WHAT IS BEING ASKED: Exact copies of the lines below, from the one with "15 Kiev Court, Anderson, SC 29626" up to and including the one with "لبتاب|رایانه همراه|زاهدان, |دیوار", are what this calls for; leave out pictures.

AVAILABLE DATA:

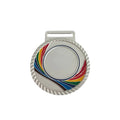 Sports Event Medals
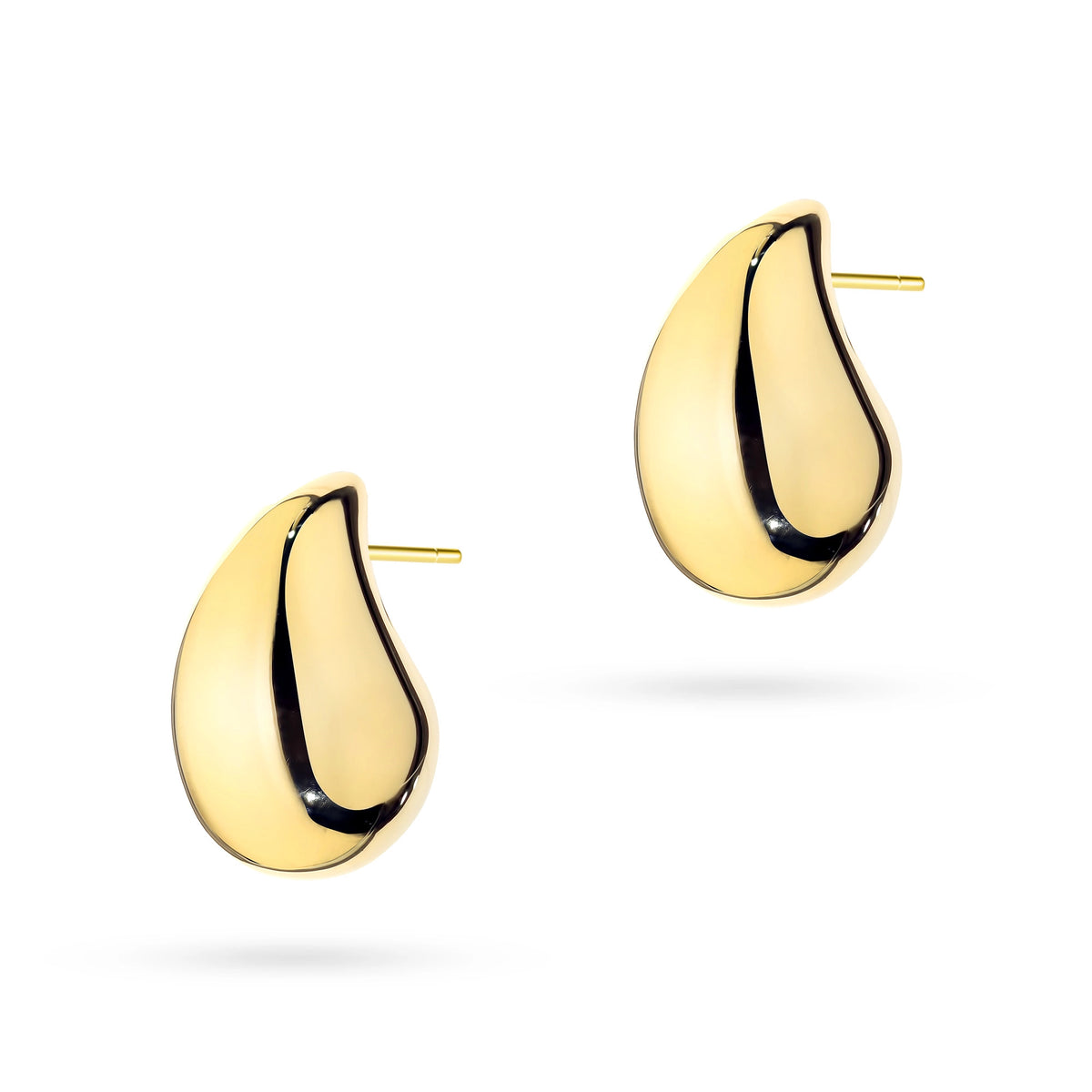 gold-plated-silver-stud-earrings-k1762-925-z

--

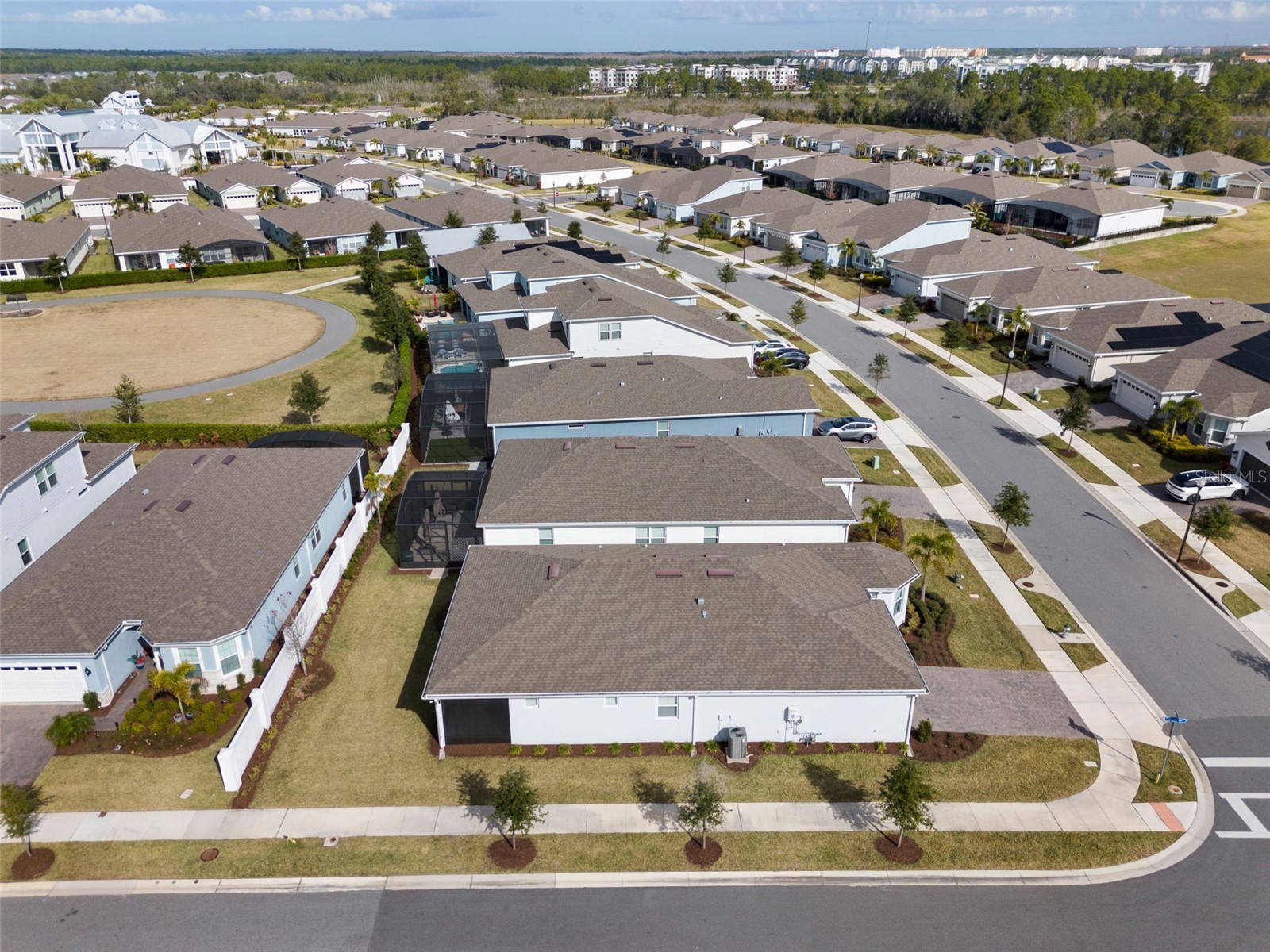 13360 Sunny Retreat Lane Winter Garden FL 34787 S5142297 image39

...

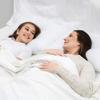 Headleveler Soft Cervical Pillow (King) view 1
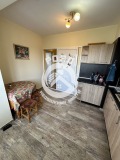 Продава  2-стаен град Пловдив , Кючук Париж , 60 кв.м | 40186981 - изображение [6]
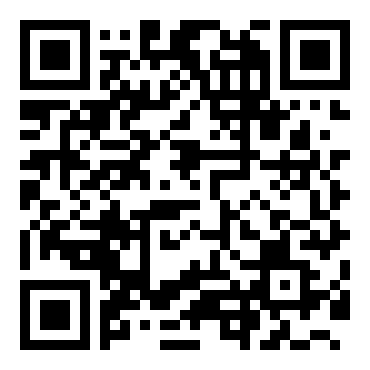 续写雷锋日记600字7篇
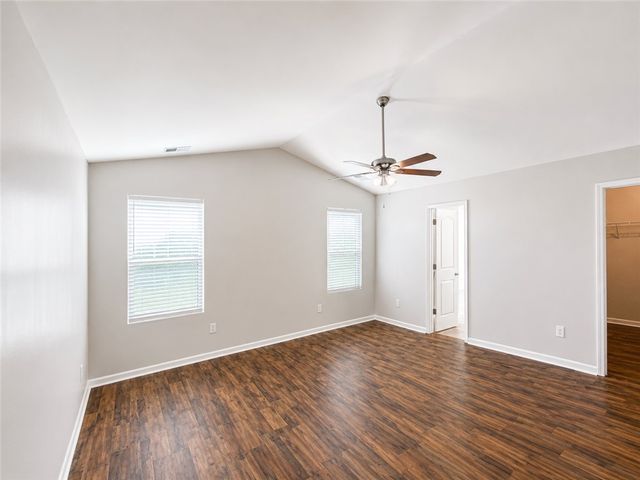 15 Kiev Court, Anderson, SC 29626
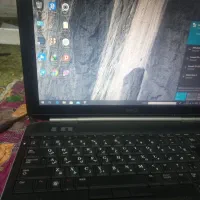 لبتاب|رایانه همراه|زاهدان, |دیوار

ANSWER TO THIS TASK:
 15 Kiev Court, Anderson, SC 29626
 لبتاب|رایانه همراه|زاهدان, |دیوار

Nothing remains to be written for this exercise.